Kybalt sees himself as the city's gate and guardian both. He allows none to tread upon him that are not gracious guests or exemplary inhabitants. In the one and only siege of Jornu, Kybalt inflicted more deaths on its enemies than even the star-sicknesses.

He loathes his half-sister Skurma. It would take a threat to the city itself for him to consider treating with any agent of hers.


The gentle daughter of Abuo and Lomizelc. Like her father she accepts everyone into her graces.

Skurma is a cistern, in the same way that a lake is a sort of puddle - a great inundated cavity below Jornu's surface, sucking up rain and sticking her well-fingers into its plazas. She is a graveyard too - a recycler of the dead, processing them back into base nutrients and expelling them onto gardens or as edible slop. In her depths she shelters monsters and leviathans of the old world, loathe to let a single piece of it slip away.

The undead are a novelty to her - a terrifying alien menace to the rest of Jornu. She's become preoccupied as of late with attempting to revive corpses drowned in her water, or devoured by her charges. When death has died, she reasons, all will be reconciled.


A broad road, bulging along its middle, that winds through the whole of Jornu. Ukasil is the child of all six of the Quartermasters (don't worry about how that works, the gods don't follow the bio-logic of gametes). They are a responsive god, responding to foot traffic as though it were prayers, snaking and shifting the layout of the city through its interstices to maximize the efficiency of its throughput. This is a gameable system, and priest-gangs will often press passers-by to commit a quota of marching through their territory as a practical show of dominance that will serve to centralize and nexusize their holdings.


A cabaret club, and a crusader against tedium and conformity. She would not let the god-reconstruction touch her immaculately beautiful features, and so she is a gigantic decapitated head occupying a city block as surely as any apartment or office. Her golden tresses are woven by her devotees into the curtains and chandeliers of her interior. Her haunting, echoing voice provides the music for every dance.
In Tethanki's shows, by the brush of her hair and flesh, it becomes possible for features of the body to be traded. Thereby does every inhabitant of Jornu with the guts for it converge on their own ideal form, or at least the form which their original body could be traded in bits and pieces for.
As with Abuo, so too with Tethanki is there a dual pair of cults, in even deeper conflict for their closer quarters. One is a cult of surgeons and doctors, using her power of exchange for the treatment of disease and deformity, and for the ultimate perfection of the body. The other is aesthetic in nature, pursuing beauty, and the assemblage of the apex of beauty in one body, as its transcendence. When their conflict peaks, Tethanki smiles amusedly - for war can bring the best novelties of all.

Every inhabitant of Jornu lives in dread of the day they might be called to Bozum.

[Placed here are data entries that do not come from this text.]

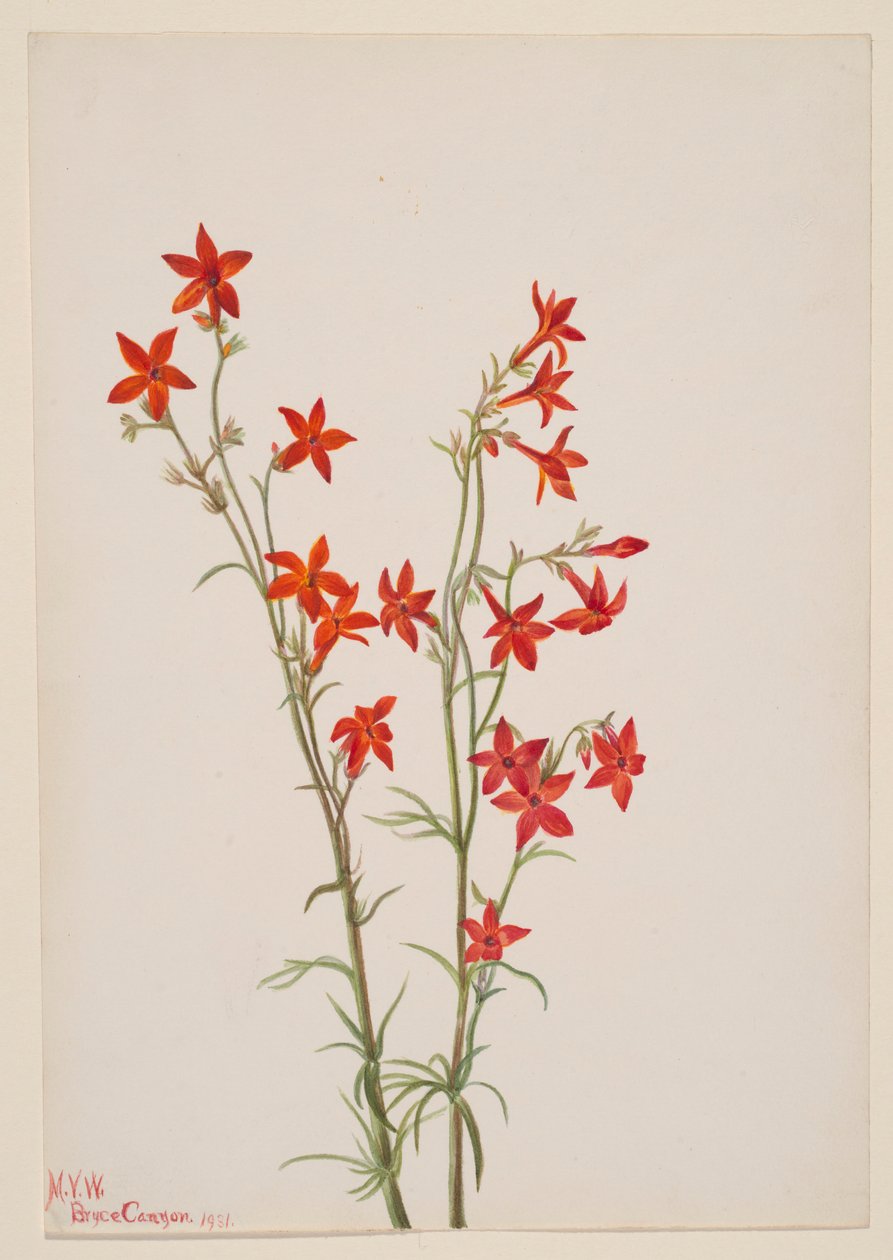Gilia arizonica af Mary Vaux Walcott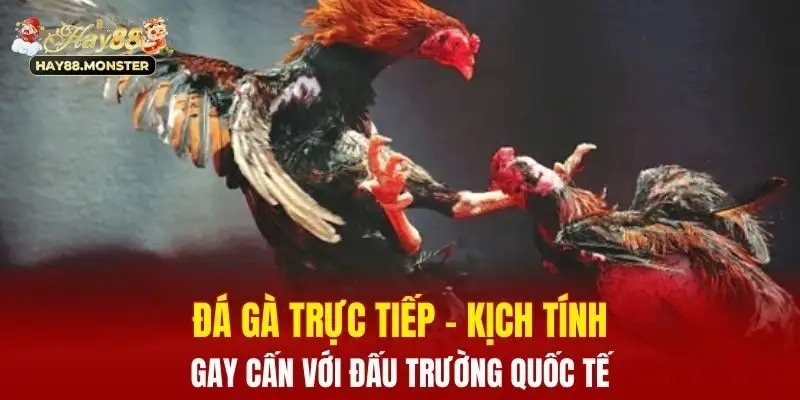 đá gà trực tiếp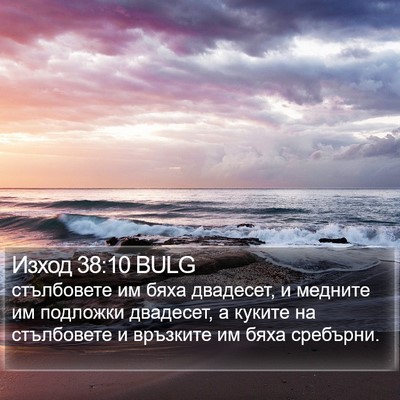 Изход 38:10 BULG Bible Verse Image
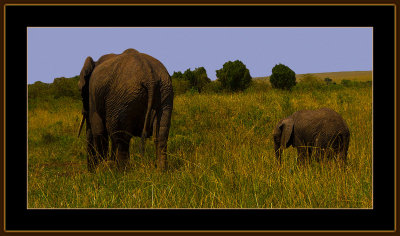 146-=-IMG_2763-=-Elephant-mom-and-child.jpg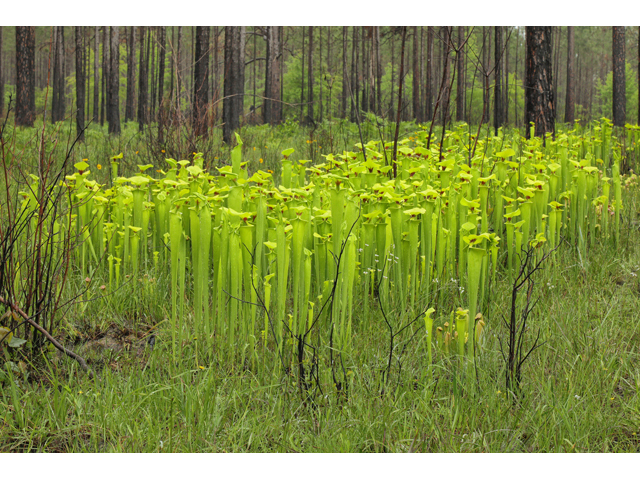 Sarracenia flava (Yellow pitcherplant) #60793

He is an arena, and he is a battery, a last-ditch measure for when prayer and the dew of the cosmos might not sustain the world-fragment's gods. His floor is dusted with the oldest blood, and his galleries hold room for tens of thousands of weeping witnesses.
Even the gods are subject to the tyranny of the rocket equation, yet sacrifice is an efficient source of energy for their kind. When their reserves ran low on Jornu's grand voyage, Bozum was granted a tithe of irreplaceable souls to spill themselves for the sake of everything they'd ever known.

In the new world still there has been cause to call on Bozum's cruel gift - integration into the Order of things doesn't come cheap - but the time of the hecatomb has passed. The comparatively mild top-ups of modern times require small, yet high-quality sacrifices, tournaments of fantastic fighters with all their talents and gimmicks set to the death against each other. To the last survivor - honour fit for the greatest of mortals, and a fragment of the power given to recharge Jornu's pantheon.

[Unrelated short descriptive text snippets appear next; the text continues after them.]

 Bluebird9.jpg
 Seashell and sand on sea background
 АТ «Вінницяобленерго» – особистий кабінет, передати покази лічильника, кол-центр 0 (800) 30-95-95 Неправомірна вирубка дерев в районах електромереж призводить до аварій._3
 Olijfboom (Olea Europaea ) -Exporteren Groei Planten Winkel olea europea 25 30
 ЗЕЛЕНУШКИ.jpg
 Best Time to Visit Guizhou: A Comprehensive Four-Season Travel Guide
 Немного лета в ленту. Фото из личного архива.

Yaheya is a proud god, and for good reason. She is the tallest building in Jornu (which has won her no friends in her parents' generation) and she is why there are any people left in the city. Recognition of this fact is what keeps her as tall as she is.

She's built in sections, stacked cylinders, each rotating slower than the ones below it. This is a trick of perception. They're really all turning at the same speed, just in different frames of reference. The higher sections are not slower in speed, but in time.

Traveling the yawning gap between worlds takes a while even for gods (whose years are measured in the cycles of stone to dust to magma and back again). They could not feed all they wished to save for that long. Nor did they wish to see their people drift from the ways of their home. Thus Yaheya was made, the last god born on their dying world.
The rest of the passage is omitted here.